Clarkston, GA – The Clarkston Development Foundation (CDF), a non-profit organization supporting Clarkston community members to take a leading role in the development of their city, announced today that its community health director, Lorrie Lynn King, has been invited by the American Public Health Association (APHA) and Medical Education Cooperation with Cuba (MEDICC) to join a group travelling to the country to tour medical facilities and explore the universal healthcare system that has a history of success there. King is one of only 40 U.S. public health practitioners invited to participate in this tour and exchange ideas with Cuban medical, social work and public health professionals. She will be visiting sites in Havana and Cienfuegos for a review of both urban and rural communities.
“Even with limited resources, Cuba has achieved high success in healthcare,” said King. “Thanks to a successful universal public health system with strong community engagement, Cuba’s people are healthy, with achievements such as the lowest HIV rate in the Americas, and one of the highest doctor-to-patient ratios in the world. The United States can learn much from an exchange of ideas with the Cuban medical community. I am honored to have been chosen to join this delegation, and am looking forward to bringing back ideas that I can implement in my own community.”
MEDICC is leading the group tour for APHA. Founded in 1997, MEDICC is a non-profit organization working to enhance cooperation among the U.S., Cuban and global health communities aimed at better health outcomes and equity. The group believes that health care – especially for underserved populations – can be informed by Cuba’s singular universal health system and its evolving health policies, practice, research and education. MEDICC also promotes that the U.S. and other nations’ experience in medicine and medical research can inform practice in Cuba and the developing world.
King will spend a week with the APHA group in Cuba in April, during which time she will tour hospitals, neighborhood clinics, and community health worker organizations. She will also attend the CubaSalud 2015 International Health Conference, the Cuban equivalent of the APHA annual conference, where she will discuss with doctors, medical social workers, grassroots community healthcare workers, and other healthcare practioners the successful implementation and maintenance of Cuba’s universal healthcare system, which owes much of its success to strong community-engaged primary care practices. She hopes to bring back to Clarkston new ways to promote primary care as a priority in her own community, many of whom are resettled refugees from war-torn areas such as Democratic Republic of the Congo, Iraq, Burma, Bhutan, Afghanistan, Central African Republic, South Sudan and Colombia.
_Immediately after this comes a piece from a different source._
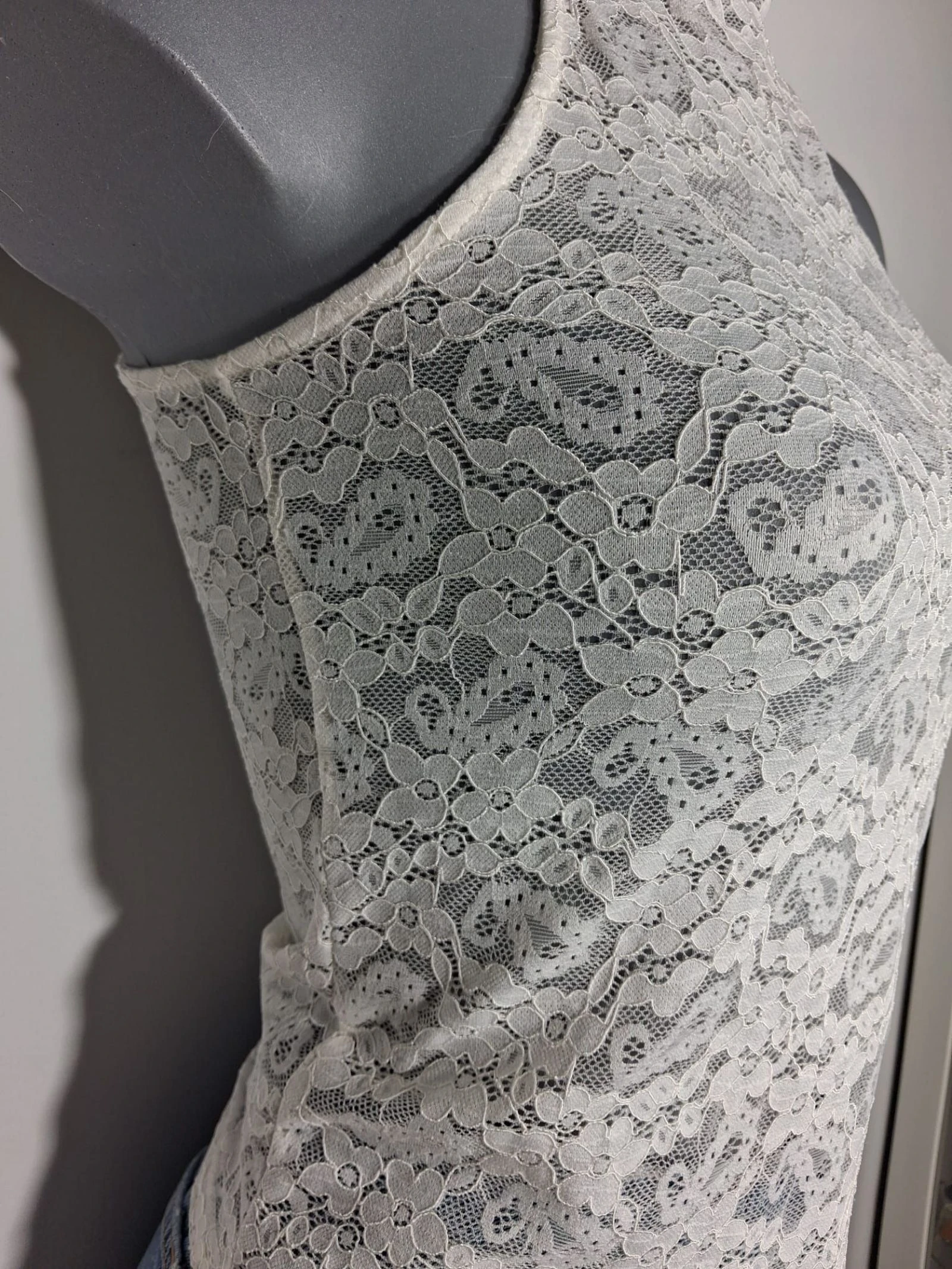 Top Stradivarius dentelle florale blanche col roulé taille S – photo 5
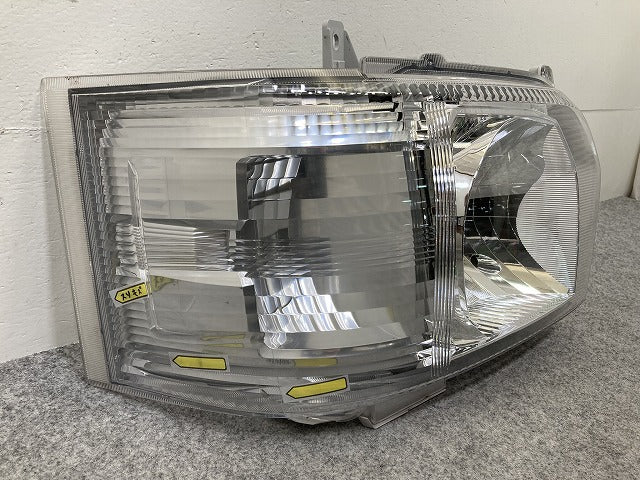 ハイエース/レジアスエース 200系/4型/5型/6型/7型/標準/ワイド 純正 後期 右 ヘッドライト/ランプ レベライザーハロゲン 26-131(145519)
“The refugee community in Clarkston needs not just access to basic healthcare, but specialized services dealing with living with HIV/AIDs or the aftermath of rape warfare, torture and genocide,” stated King. “Disadvantaged and disenfranchised people in over 70 countries are benefiting right now from Cuba’s unprecedented global health cooperation. Over 38,000 Cuban health professionals provide health services in the most precarious places. My goal in this trip is to learn from them, and develop a holistic healthcare program that helps not just the refugee community here in Clarkston, but will address the health disparities facing all Americans.”